In situations where evasion can be modified and it isn't just a matter of how often the word "miss" will show up in place of damage numbers, it usually refers to the number of invincibility frames you have and either extending the period of time you cannot take damage or the reverse. If not that, it may refer to the size of your hitbox decreasing, or the distance of which you can reach when performing some evasive action extending. No idea otherwise.
If I recall correctly luck can add to your general avoidability in FE. Since we have stat caps, a character that has 60% speed and 30% luck growth may end up being significantly harder to hit than one that has 90% speed growth and 0% luck growth. I also remember it not actually adding to one's critical rate in the GBA games.
I'm not weirded out per se, but yeah, I guess those stats often do exist--they may or may not apply, a lot of the times the advantages or disadvantages are minuscule enough that it doesn't matter much and you can go along with the same old equipment or attacks or whatever
Like, part of the problem is probably that most gamers are lazy and/or bad and don't spend a lot of time really delving into the details of a game's battle system or the like when it's not necessary. Like, it's much easier to just get some powerful equipment and keep using that instead of always adjusting and adapting.
Granted I think the latter is more challenging, rewarding, etc. and it's nice when game devs try to legitimately implement stats and resistances into their games instead of just making it kind of fluff or easily ignorable, but yeah, I do get where they're coming from in terms of not making that all mandatory and overwhelming more casual players... *sighs* it stinks in a sense—it's very difficult to appeal to all sorts of people at once—but whatcha gonna do
It's pretty hard to actually make these fluff stats highly relevant. You're either going to make some enemy ridiculously overpowered (like kirant's Void Giant example) by making them have no actual weakness or the enemy is going to have too many weaknesses to actually have a reason to care. Not to mention for balance purposes you're going to have to give a player the tools they need to actually deal with whatever comes at them.

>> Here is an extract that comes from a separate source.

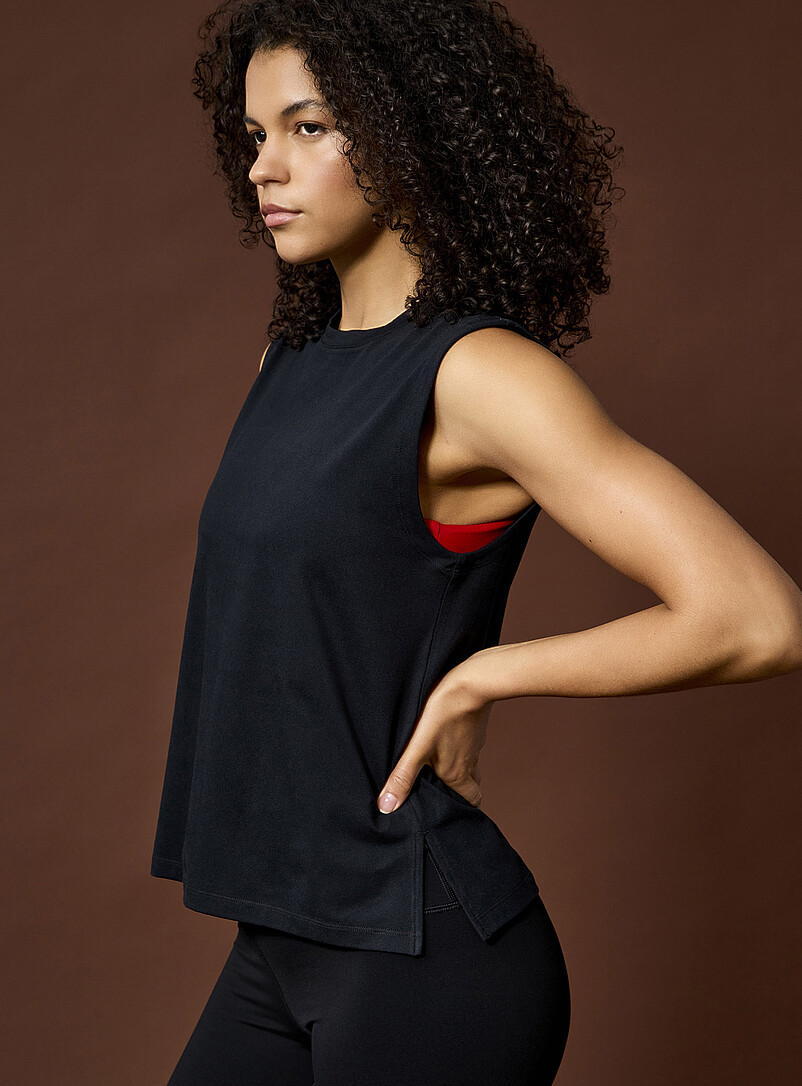 Ultra-soft sleeveless T-shirt product image (primary)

Like for example, let's say that early on in a game, you encounter a generic Knight enemy. This enemy is very competent for the stage of the game you're at because you don't really have a huge number of options. They are resistant to physical, wind, slash and thrust attacks, and are not likely to be afflicted by bleed or stun status effects. However, this also leaves them vulnerable to magical, blunt, fire, water, earth, light, and dark attacks, particularly weak against lightning attacks, and still vulnerable to poison and slow.
Later on in the game, you meet the Knight's recolored super-cousin Magic Knight. Magic Knight is resistant against physical, magical, slash, thrust, and all of the elements...but still have a weakness to blunt damage and are easy to cripple through status effects.
In both cases they have their strengths and weaknesses but the Knight is so vulnerable the only particular reason they are going to be threatening is because you haven't reached the point in the game where you have a mage or a blunt weapon user (and you can probably just ignore the rest of the weaknesses anyway.) The Magic Knight however has a ton of resistances and the game needs to be designed for the player to be capable of actually exploiting the weaknesses it has left, which will either make them a cakewalk anyway or just an annoyance that asks you to change up your setup. (Or they just end up being a really overpowered enemy.)
Magic Knight is probably a decent enemy to include in a game like Fire Emblem (what with our inventory limits and resource management across a large team and everything) but it's going to be a headache for both the player and the game designer to find out how to make Magic Knight be an effective feature of the game in situations where your game mechanics focus on a small number of deployed units. Then there's the issue of how you would make several enemies like Magic Knight so that you can create diverse situations that won't be solved by just equipping the best set-up v.s. Magic Knight. Because if you don't...we're back to that point where all these fluff stats don't exist for any important reason (aside from maybe making the occasional overpowered enemy...though you don't need fluff stats for that either.)